Segment Open

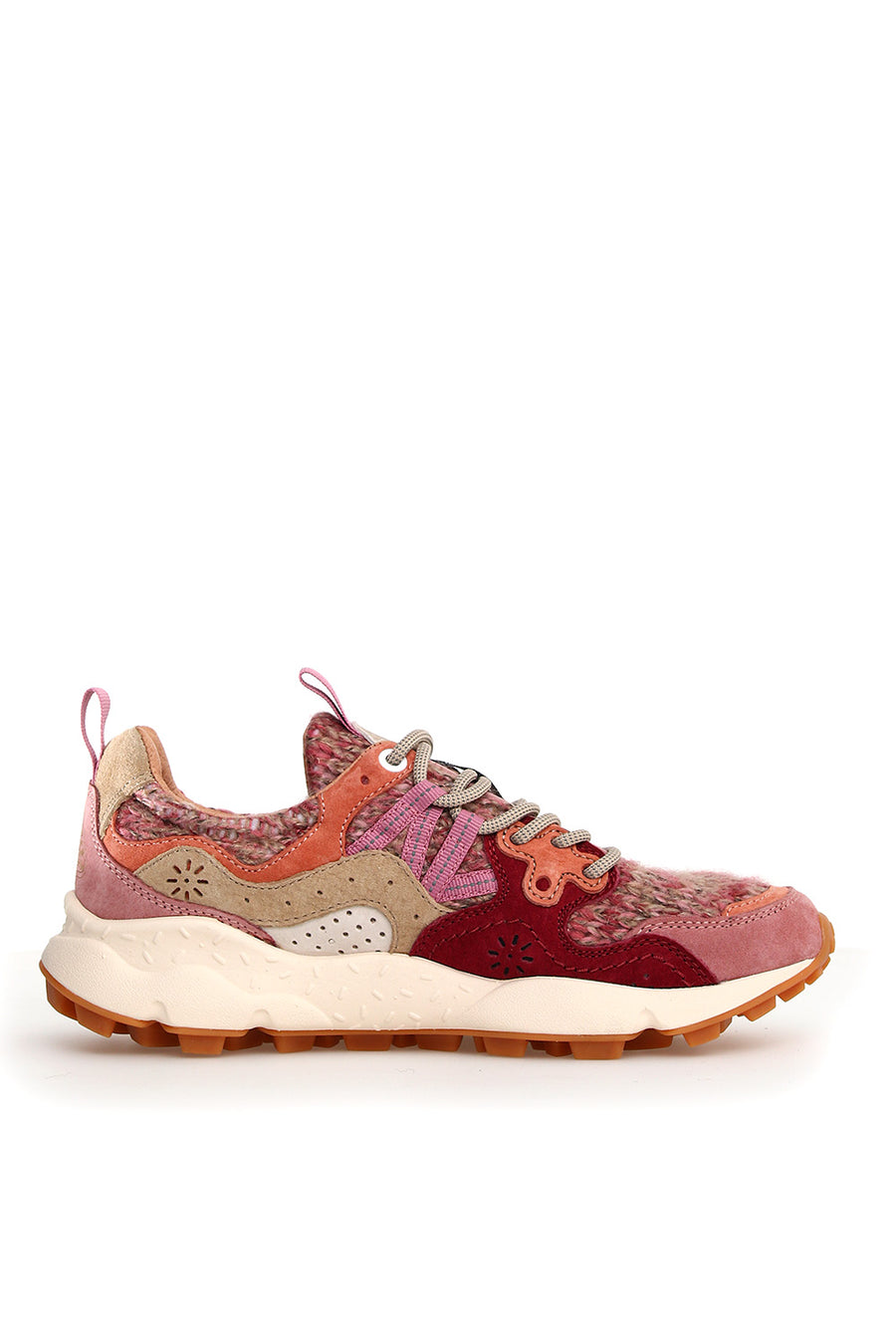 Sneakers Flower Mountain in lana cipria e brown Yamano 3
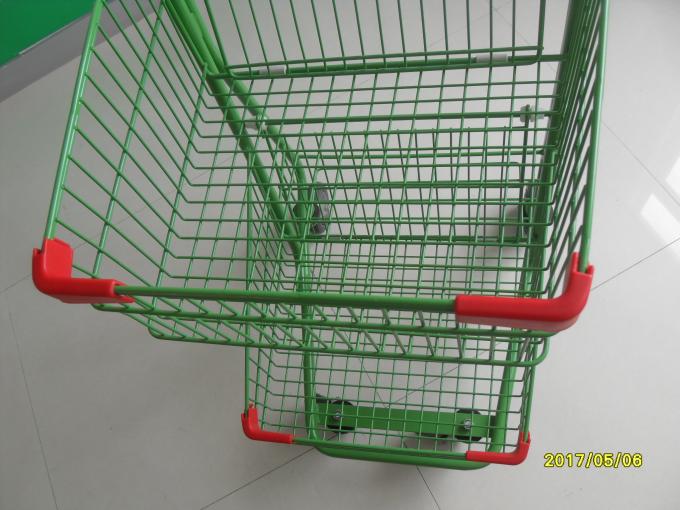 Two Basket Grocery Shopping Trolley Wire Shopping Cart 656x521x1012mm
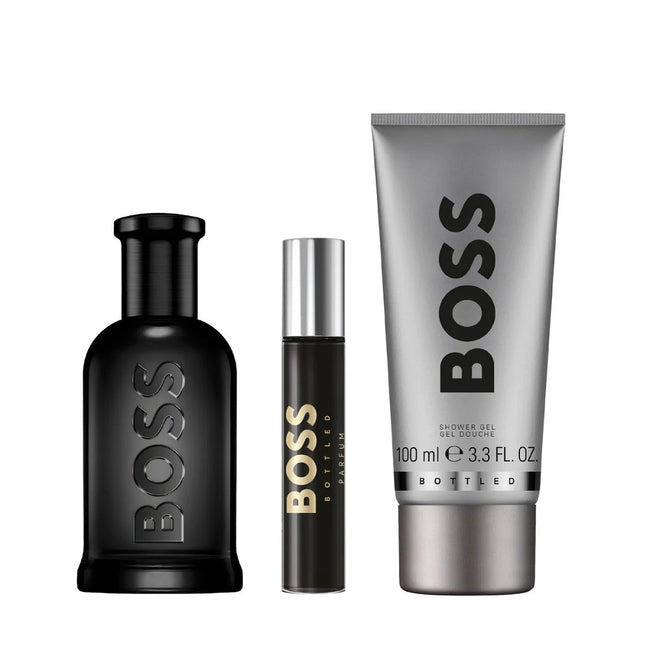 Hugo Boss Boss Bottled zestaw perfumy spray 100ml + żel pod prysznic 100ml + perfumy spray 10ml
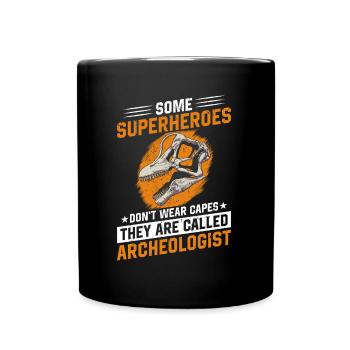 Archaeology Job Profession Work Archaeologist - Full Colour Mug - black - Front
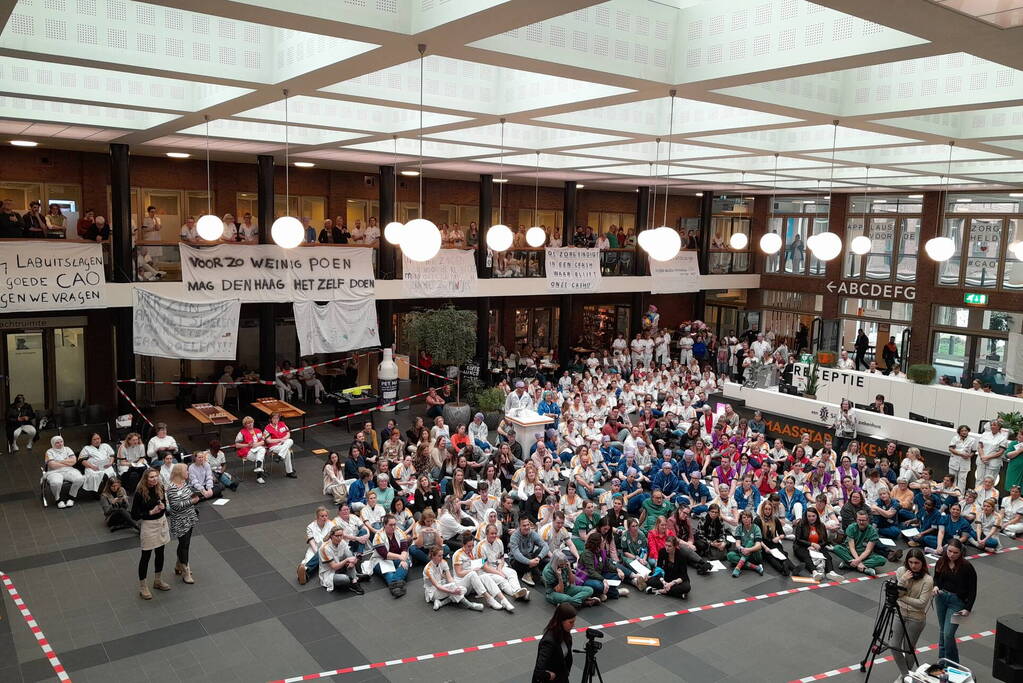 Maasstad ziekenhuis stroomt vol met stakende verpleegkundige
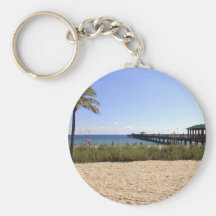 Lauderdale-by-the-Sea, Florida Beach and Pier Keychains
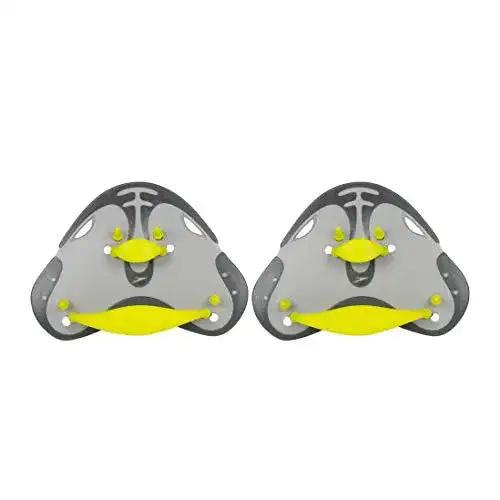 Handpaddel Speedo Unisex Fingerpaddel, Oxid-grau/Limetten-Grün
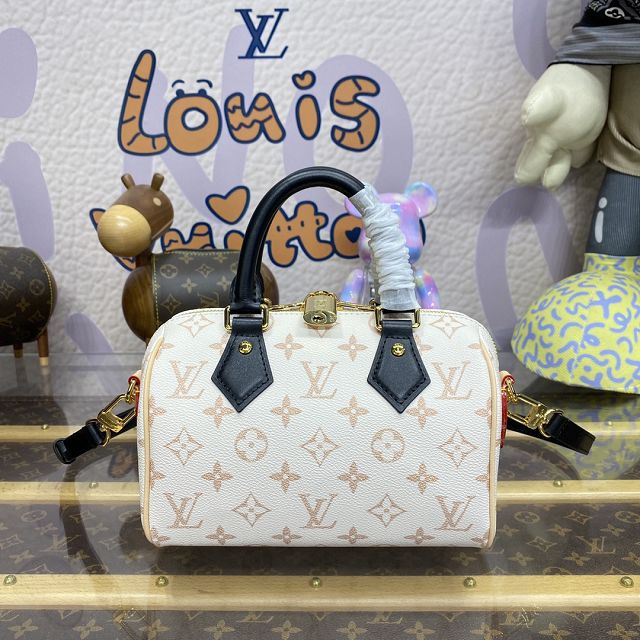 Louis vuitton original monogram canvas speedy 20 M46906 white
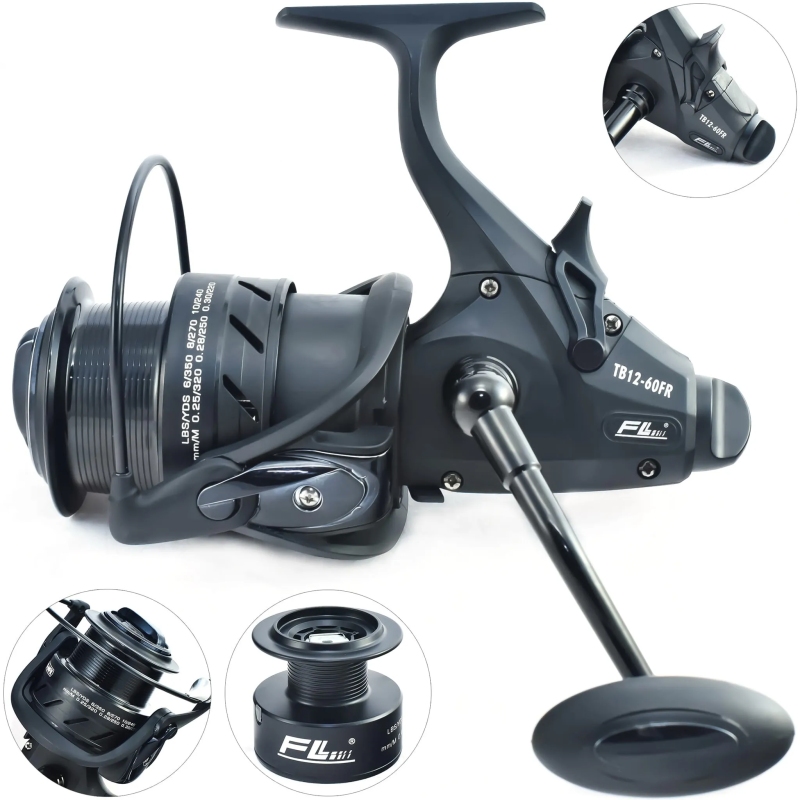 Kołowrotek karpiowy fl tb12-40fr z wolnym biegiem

Segment Closed

• **Exercise aim**:
Please print exactly the lines from the line containing "Two Basket Grocery" through the end of the records above, both included, leaving out every picture.

• **Problem solution**:
 Two Basket Grocery Shopping Trolley Wire Shopping Cart 656x521x1012mm
 Hugo Boss Boss Bottled zestaw perfumy spray 100ml + żel pod prysznic 100ml + perfumy spray 10ml
 Archaeology Job Profession Work Archaeologist - Full Colour Mug - black - Front
 Maasstad ziekenhuis stroomt vol met stakende verpleegkundige
 Lauderdale-by-the-Sea, Florida Beach and Pier Keychains
 Handpaddel Speedo Unisex Fingerpaddel, Oxid-grau/Limetten-Grün
 Louis vuitton original monogram canvas speedy 20 M46906 white
 Kołowrotek karpiowy fl tb12-40fr z wolnym biegiem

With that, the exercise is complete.